Regulators will watch several things: whether the integration exposes users to gambling in jurisdictions that forbid it, whether funds routing creates money-transmission issues, and whether Phantom’s wallet-display of positions creates misleading impressions about custody. Regulators might also examine how clearly Phantom distinguishes Kalshi’s regulated products from other unregulated DeFi offerings available in the wallet.
Key risks to track and the signals traders should watch next
The biggest practical risks are legal limits, custody clarity, and liquidity surprises. Users who assume they own an on-chain token could be surprised when settlement and custody are handled off-chain by Kalshi. That counterparty risk is small because of Kalshi’s regulated footing, but it is not zero.
Watch these metrics: trading volume on Kalshi markets linked from Phantom; spreads and settled volume around big events; any regional registration or access-block notices from Phantom or Kalshi; and error rates or UX reports from early users. A spike in failed orders or complaints about unclear settlement flows would be an early red flag.

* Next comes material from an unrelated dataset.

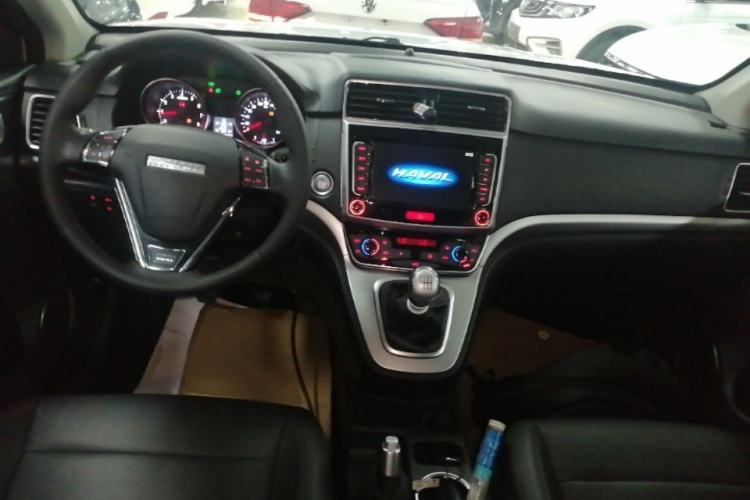 Used Haval M6 2019 1.5T Manual Two-Wheel Drive Elite Version China VI Standard Center Console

For investors, this is a cautious positive. Phantom expands utility and could pull more active traders into its ecosystem, which benefits wallets and wallet-linked services. Kalshi gains retail reach and likely more fee income. But the setup raises questions that could trigger scrutiny or technical friction. The sensible stance is measured optimism: useful innovation, but one that must prove clean execution and clear legal boundaries before it changes the game for good.